Quick Easter Survey

M and I were quite puzzled this year. Most of the higher churches in the admittedly MOTR-to-low diocese did Easter Vigils this year–at 6:00 Sunday morning. Only a couple retained the usual Saturday evening position. I’d never heard of that before, yet a bunch of folks seemed to do it en masse.
Did anything like this happen around your dioceses or this just a localized phenomenon?

12 Replies to “Quick Easter Survey”

  1. That is what we do. Part of this is that we do not have a tradition at this parish of doing a Vigil. We still gather in the dark, light the fire, sing the Exulstet, renew baptismal vows…all that smoke and water stuff. We just begin about 8 hours or so after some other churches.

  2. Sounds like the old prot “Sunrise service,” which we do ecumeniacally with the other churches here at the beach.

    We do it on Saturday as soon as it’s truly dark, lighting the fire in the churchyard, among the tombs. I once served a church in SW Fla.(as an asst) where we began at 6, did the whole shebang to to Alleluia, Xt is risen, and then broke for breakfast. The rest of the thing was done at the 8 am service. Quite an anti-climax.

    Used to do it as “midnight mass” starting at 10 or so so we could end around midnight, but age has made it so I’m non compos mentis for the am services if I try that.

    In seminary (Sewanee) we began at four or so with a huge new fire and long procession to the chapel (this was in the old days when the chapel was in the middle of campus and we processed to the hooting of some enebriated frat boys).
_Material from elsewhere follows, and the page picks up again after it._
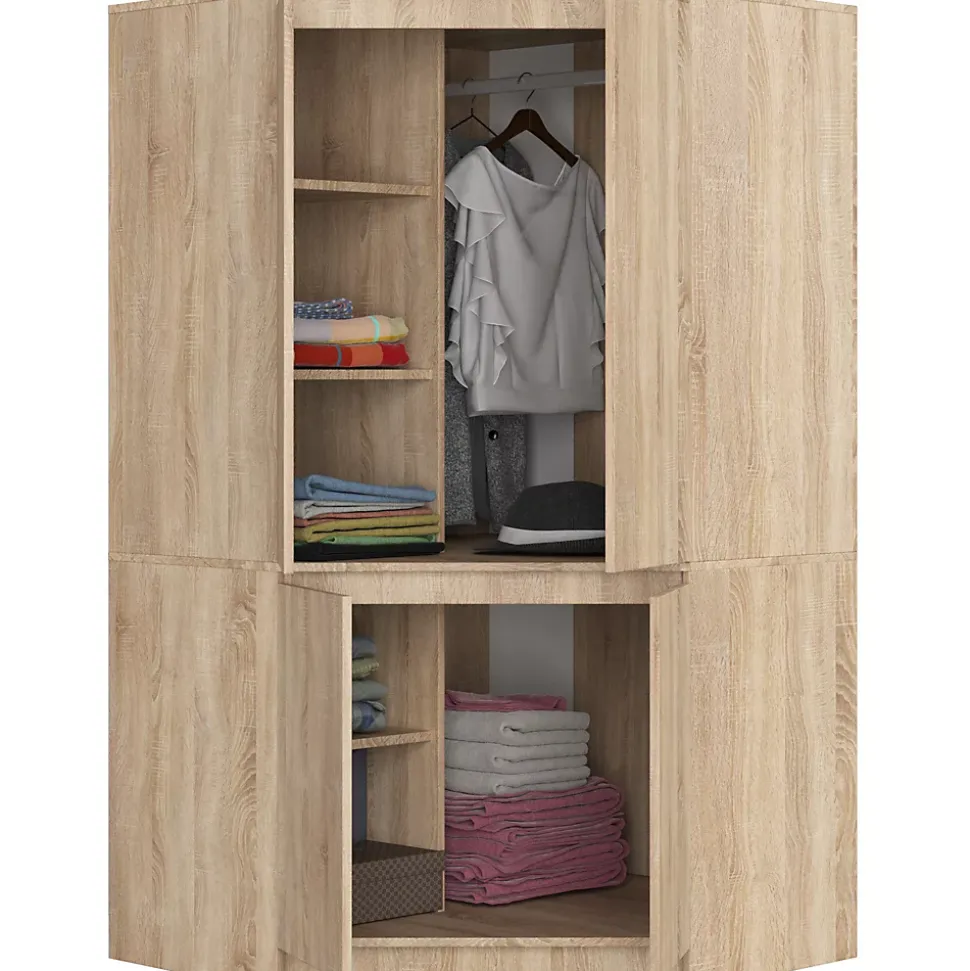 Armoire d'angle AKORD S100 Chêne Sonoma 100 cm 4 portes façade Chêne Sonoma 6 étagères 100x50x180 cm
With all nine vigil lessons, psalms and silence the sun was just peeking in the east window as we got to the surrexit. Best I’ve seen, but hard to convince the dogfaces in the rtenches to get up that early.

    I think we tend to consult our own convenience for what we do. Not sure most of us have a real sense of standing vigil in our collective psyches.

  3. AFAIK, this change didn’t happen in the Episcopal Diocese of NC. I went to a Vigil at 7:30pm last night, and several other parishes seemed to be doing the usual Sabbath vigil.

  4. I think the morning time is more “correct,” actually, isn’t it? Isn’t the whole idea sort of like the old Matins-at-3-a.m.-till-dawn thing?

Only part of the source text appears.